In general I agree with you- I do think a great film is one that draws you in. Lets just say the atmosphere helps or hinders sometimes- so that a dark cinema can help whereas a loud noisy commuter bus with an ipod might fail. I think you are right I went a little over the top possibly- language overwhelming thought thanks for the correction.

james higham said...

I'm a great kino-theatre fancier. There is the cafe too, the popcorn, the aisles, the snogging, the whole scene is nice.

Gracchi said...

Yeah all of that's good. Cheers James- I'd forgotten the ancilliary benefits.

Anonymous said...

Gracchi, I (anonymous above) really wasn't critising you.

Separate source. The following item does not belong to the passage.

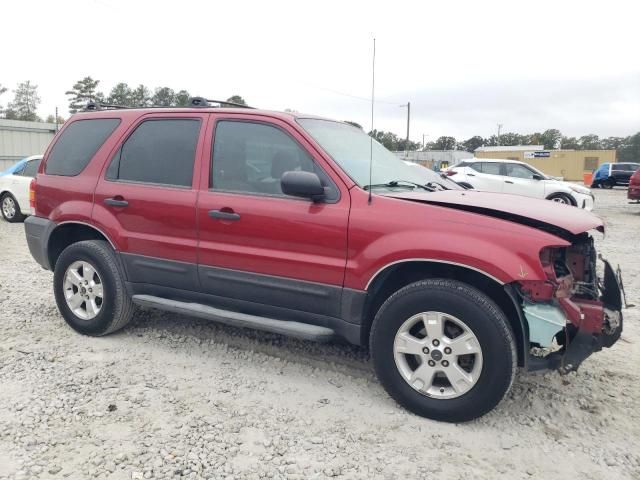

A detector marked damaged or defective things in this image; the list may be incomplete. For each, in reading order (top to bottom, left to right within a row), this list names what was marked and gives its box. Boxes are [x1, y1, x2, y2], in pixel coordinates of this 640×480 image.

damaged front end [516, 234, 624, 374]
crumpled front bumper [524, 258, 624, 376]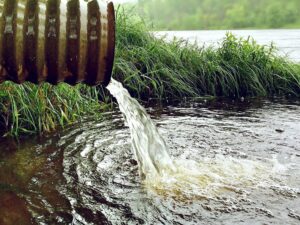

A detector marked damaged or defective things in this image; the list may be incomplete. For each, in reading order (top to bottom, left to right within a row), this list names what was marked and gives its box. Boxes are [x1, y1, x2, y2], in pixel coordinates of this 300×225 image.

In fact I was completely agreeing and kind of repeating a part of your argument in my words. I certainly didn't and wouldn't suggest that you went over the top. I was just adding that the conditions the cinema create increase, not only the chance of enjoyment, but also the expections. So when these are not fullfilled there is inevitable disappointment. More so than watching a average/bad film on another medium.

Gracchi said...

Sorry Anonymous- I sometimes have difficulty seeing things in proportion and was feeling down yesterday.

I think the overall point though is right even in my comment I suppose I was trying to moderate it- your point about the scalar nature of it is correct and it isn't absolute.

Thanks for taking the time to come back and say that though- we haven't got the word for a good user of nettiquete- but thanks for the kindness.

CityUnslicker said...

ah the cinema. I used to love going. wait until you have kids, it becomes the lost country!

Political Umpire said...

I think it depends to an extent on the nature of the film. It used to be that ‘action’ films always looked better on the big screen, and that’s still pretty much the case despite the advances in quality of home cinema (after all, the best home cinema system would be something in the order of £100k’s worth of Krell equipment, which most of us including me sadly don’t have, whereas a major London cinema would be sporting in the region of £3m worth of sound gear together with a specifically designed auditorium). I don’t believe that one can fully appreciate 2001: Space Odyssey without having seen it on the big screen. But you don’t need much more than an ipod to appreciate the dancing of Astaire and Rodgers, for example, nor to be moved by many a romantic or dramatic classic.

There is also the point that devoid of the bang and crash of the big screen, the limitations of some films get brought home. I have to say I found Lord of the Rings to be rather lame, boring efforts with a lot of mediocre acting on the small screen, though I enjoyed them well enough at the cinema.

I agree in general with the point regarding concentration, and the behaviour of audiences. The NFT always had perfectly behaved audiences every time I went but then again the quality of its equipment was badly dated (in comparison with other London venues). Then again, some films are hard to watch without interruption. The Thin Red Line, one of my favourites ever, is one such flick. A coffee break isn’t a bad thing when you’re watching the DvD.

Greater length enables some things to be done on the small screen that cannot on the large. The Singing Detective, for example, with the complexity and length of the plot simply couldn’t have been done on the big screen. And yes I know there was a film length version of it, but I have always refused to see it and always will.

BTW drafted a comment on your sporting post which got so long I turned it into a separate blog entry.

Sam said...

Thanks for the link. Interesting article and thoughts on it.

I went to the Croydon Vue to watch Borat. I understand what the article says about cinema purgatory. Filthy venue with I-make-minimum-wage style service. £7.40 a ticket, plus those absurdly large snacks and expensive, belted with ads with no chance for escape. All for a loose collection of poo jokes.

I paid about the same for two, including trains, to see The Canterbury Tales in the West End.

The cinema, like the theater, is about the experience. However, I feel that the experience has been cashed in too many times. There is little left for us.